Monday, January 08, 2007

Freezing titles ala spreadsheet land.

Every now and then I have to read the results of a SQL query on the command line, and I find the following setup to work wonders in VIM. At least this works well with MySQL, as its command line query tool is kind enough to spit out the output in tab-delineated form.

Say you have a query to perform. Do the following:

echo "select * from tableX;" | mysql -uUser -pPassword databaseName | vim +'set scb sbo+=hor sbo-=ver nowrap ts=30 bt=nofile| sp | exe "norm \<c-w>j\<c-w>_\<c-e>"' -

This will automatically space out the tabs so you can see each of the search result columns with the data, and then it creates two panes - one for the column descriptions, and one for the data. The scroll options are setup so that you can navigate around the data and always see the column description with the data (particularly helpful for large result sets).

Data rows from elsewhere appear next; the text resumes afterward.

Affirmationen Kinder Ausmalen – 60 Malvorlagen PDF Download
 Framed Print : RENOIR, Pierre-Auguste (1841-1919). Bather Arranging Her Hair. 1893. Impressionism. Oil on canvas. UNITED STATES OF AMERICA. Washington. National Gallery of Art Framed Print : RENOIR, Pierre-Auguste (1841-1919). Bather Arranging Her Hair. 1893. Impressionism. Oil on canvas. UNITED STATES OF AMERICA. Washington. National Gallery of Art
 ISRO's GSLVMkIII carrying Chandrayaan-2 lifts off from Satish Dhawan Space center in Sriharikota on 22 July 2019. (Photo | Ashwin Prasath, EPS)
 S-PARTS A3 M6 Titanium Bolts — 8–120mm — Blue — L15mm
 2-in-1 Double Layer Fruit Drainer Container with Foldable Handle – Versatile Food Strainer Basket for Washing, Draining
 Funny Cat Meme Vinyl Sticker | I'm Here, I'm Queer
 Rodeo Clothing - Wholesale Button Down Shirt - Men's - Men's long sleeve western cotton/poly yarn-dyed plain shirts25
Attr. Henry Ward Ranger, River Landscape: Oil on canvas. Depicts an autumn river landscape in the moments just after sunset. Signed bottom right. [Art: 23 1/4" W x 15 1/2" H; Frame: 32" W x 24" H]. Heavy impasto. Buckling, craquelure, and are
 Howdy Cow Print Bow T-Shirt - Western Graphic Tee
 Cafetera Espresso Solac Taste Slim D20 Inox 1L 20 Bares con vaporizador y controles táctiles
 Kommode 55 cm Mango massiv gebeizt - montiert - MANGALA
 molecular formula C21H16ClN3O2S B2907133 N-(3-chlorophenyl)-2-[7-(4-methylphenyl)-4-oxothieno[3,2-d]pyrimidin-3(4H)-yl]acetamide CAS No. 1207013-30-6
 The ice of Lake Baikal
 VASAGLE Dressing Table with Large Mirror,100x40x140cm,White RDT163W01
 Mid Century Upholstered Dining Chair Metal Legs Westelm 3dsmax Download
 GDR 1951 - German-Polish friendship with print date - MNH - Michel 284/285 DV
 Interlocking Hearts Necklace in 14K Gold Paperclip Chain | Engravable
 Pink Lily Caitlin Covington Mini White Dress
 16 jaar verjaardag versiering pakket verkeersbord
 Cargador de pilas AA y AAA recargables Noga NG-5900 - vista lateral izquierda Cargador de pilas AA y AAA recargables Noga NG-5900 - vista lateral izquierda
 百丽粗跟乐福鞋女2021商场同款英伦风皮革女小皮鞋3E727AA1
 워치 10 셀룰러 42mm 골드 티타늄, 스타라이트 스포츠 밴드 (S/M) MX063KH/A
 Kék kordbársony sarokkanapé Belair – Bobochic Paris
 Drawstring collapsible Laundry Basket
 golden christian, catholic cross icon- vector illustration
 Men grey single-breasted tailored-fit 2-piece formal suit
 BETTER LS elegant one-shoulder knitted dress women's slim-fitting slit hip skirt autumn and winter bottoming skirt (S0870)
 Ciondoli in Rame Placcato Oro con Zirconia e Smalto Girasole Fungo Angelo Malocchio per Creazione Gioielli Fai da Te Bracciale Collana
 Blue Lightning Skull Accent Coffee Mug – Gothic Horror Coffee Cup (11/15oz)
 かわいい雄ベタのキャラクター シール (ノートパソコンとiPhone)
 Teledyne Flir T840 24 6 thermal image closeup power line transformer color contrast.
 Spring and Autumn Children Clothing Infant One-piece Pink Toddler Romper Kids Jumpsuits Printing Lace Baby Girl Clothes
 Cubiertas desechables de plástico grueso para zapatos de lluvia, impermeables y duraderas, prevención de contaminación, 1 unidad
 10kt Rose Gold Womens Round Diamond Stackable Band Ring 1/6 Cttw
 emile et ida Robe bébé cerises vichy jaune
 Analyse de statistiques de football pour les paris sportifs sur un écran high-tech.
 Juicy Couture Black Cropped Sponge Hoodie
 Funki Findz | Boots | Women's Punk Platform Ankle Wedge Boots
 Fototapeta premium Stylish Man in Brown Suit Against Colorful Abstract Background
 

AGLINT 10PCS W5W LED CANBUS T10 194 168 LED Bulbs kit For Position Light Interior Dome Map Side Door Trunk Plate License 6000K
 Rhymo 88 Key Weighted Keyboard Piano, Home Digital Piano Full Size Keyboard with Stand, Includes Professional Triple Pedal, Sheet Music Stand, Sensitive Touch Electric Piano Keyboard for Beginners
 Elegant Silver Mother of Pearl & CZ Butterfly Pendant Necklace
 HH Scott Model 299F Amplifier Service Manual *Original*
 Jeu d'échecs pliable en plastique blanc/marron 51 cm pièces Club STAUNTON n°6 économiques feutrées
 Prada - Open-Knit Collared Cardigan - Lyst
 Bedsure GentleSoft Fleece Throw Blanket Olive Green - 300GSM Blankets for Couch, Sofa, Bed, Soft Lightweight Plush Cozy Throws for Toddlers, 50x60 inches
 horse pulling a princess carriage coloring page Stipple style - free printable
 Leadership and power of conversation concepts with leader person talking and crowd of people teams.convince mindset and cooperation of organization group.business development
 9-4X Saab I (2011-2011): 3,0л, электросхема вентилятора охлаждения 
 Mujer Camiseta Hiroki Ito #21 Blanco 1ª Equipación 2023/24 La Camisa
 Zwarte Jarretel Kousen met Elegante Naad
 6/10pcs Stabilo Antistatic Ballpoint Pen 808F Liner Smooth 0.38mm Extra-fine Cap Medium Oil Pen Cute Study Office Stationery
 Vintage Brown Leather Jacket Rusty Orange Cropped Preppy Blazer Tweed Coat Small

The only real improvement I can think of is to use the VIM dbext plugin. I often find myself on several different machines I don't use often enough to warrant customizing plugins/settings, so this quick and dirty sql result browser setting is very handy to have around.


aliangchen said...
This comment has been removed by a blog administrator.
Dr. S said...

I am trying to understand this: I am ok with the scrollbind options.. Could you tell me how do the sp and exe functions operate.

DeeSumm said...

Hey there,

sp: it splits the buffer into two windows (one to show the header as seen at the top of the screenshot, one to show the 'body' of row data)
exe: basically do some key sequences ala 'normal mode' to make the top window only row tall, and then place the cursor in the 'body' window so that you can navigate around.

I actually still use this mapping every now and then, particularly on remote machines - but I have come to love the CSV plugin when editing TSV/CSV type files.